Given a/b, we can find unique integers q and r such that a = bq + r where r is the remainder of division. It is redundant to state that r < b but greater than or equal to 0. Since r is a remainder of the quotient a/b, it follows that it must be less than b.

Similar logic is used in defining an alogorithm for division of abcd/ef or other quotients.

 

[john_gabriel]

Long Division Algorithm

The following is a revision of the previous post:

This theorem was discovered for division involving integers in the form a/b where a is greater than b. The cases where a = b or a < b are uninteresting.

Many do not understand this simple theorem and it can be seen masquerading as the division algorithm in almost every learning institute. In truth, this does not rely only on the properties of radix systems, nor does it define long division.

I am going to illustrate why the long division algorithm works for the number abc/d where a,b,c and d are single digit integers and d is not zero. Assume that abc is represented in base 10.

abc/d = (10ab + c)/d = 10ab/d + c/d

Now let ab/d = q + r/d so that 10(ab/d) = 10(q+r/d)
where r is a remainder.

Then we have:
abc/d = 10(q + r/d) + c/d
= 10q + 10r/d + c/d

but 10r/d+ c/d = rc/d

since r is shifted left through multiplication by 10

So abc/d = 10q + rc/d

This explains why we use the remainder of division as the significant digit for the next quotient in our long division process. For example, 120/8: 12 divided by 8 is 1 remainder 4. Then 40/8 = 5.

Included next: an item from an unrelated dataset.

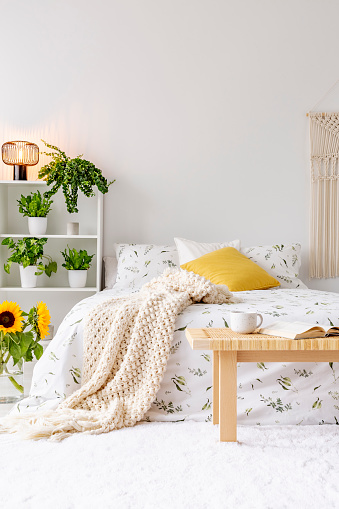 Sunny spring bedroom interior with green plants beside a bed dressed in eco cotton linen. Yellow accents. Empty white background wall. Real photo.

Now let rc/d = k + t/d where t is a remainder. Note that k will always be a single digit.

To see how this works, try 120/8 by substituting a=1 b =2 c=0 and d=8.

120/8 = (10(12) + 0)/8 = 10(12)/8 + 0/8

but 12/8 = 1 + 4/8 => 10(12/8) = 10(1+4/8)

120/8 = 10(1+4/8) + 0/8
= 10 + 40/8 + 0/8

but 40/8 + 0/8 = 40/8

So 120/8 = 10 + 40/8 = 10 + 5 = 15

Now back to the division theorem. What does it say exactly?

Given a/b, we can find unique integers q and r such that a = bq + r where r is the remainder of division. It is redundant to state that r < b but greater than or equal to 0. Since r is a remainder of the quotient a/b, it follows that it must be less than b.

Similar logic is used in defining an alogorithm for division of abcd/ef or other quotients. The basic idea is to remember that when the product of the remainder by a multiple of 10 is added to the remaining digits, the multiple of 10 disappears, e.g.

10a + c = ac
10ab + c = abc
100a + c = a0c
100ab + c = ab0c

This is the reason why we simply prefix the remaining quotient digits by the remainder and repeat the process. This is the essence of the long division algorithm. The algorithm is altered slightly in the following examples:

12564/20 and 12564/11

In the first example, we start with 100abc and in the second example, we start with 1000ab, since 125 > 20 and 12 > 11. Thus, it can be seen that the algorithm changes slightly but the basic idea is the same.